Siamo metalmeccanici che lavorano per il salario. Sappiamo bene che viviamo in una società piena di contraddizioni, dove le nazioni e le potenze si scontrano anche attraverso la forza militare. Stiamo vedendo in queste settimane le guerre in Medio Oriente, la guerra in Ucraina, e così via. I lavoratori vengono mandati a combattere da una parte e dall’altra, per difendere gli interessi delle proprie borghesie.
Com’è stata l’adesione allo sciopero oggi?
Non possiamo dirlo con certezza, perché avremo una visione chiara solo nei prossimi giorni. Sicuramente c’è stata una maggiore adesione rispetto all’ultima volta, ma per sapere quanto effettivamente l’iniziativa abbia avuto successo, dobbiamo aspettare.
Avete già pensato a delle prossime mosse?

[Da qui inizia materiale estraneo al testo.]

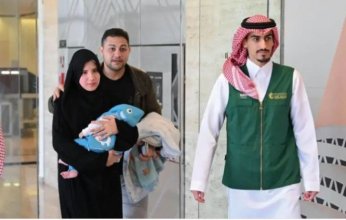 وصول التوأم الطفيلي المصري محمد عبد الرحمن جمعة إلى الرياض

Le prossime mosse dipendono molto da come andrà questo sciopero. È stato indetto per il contratto dei metalmeccanici, con l’obiettivo di costringere Federmeccanica a sedersi di nuovo al tavolo delle trattative. Finora, purtroppo, hanno rifiutato ogni nostra proposta, e la controproposta che ci hanno presentato è assolutamente inaccettabile, perché ci farebbe fare dei passi indietro. Se lo sciopero avrà successo, riprenderemo la trattativa. Se invece non dovesse andare come speriamo, allora dovremo organizzare altre forme di protesta.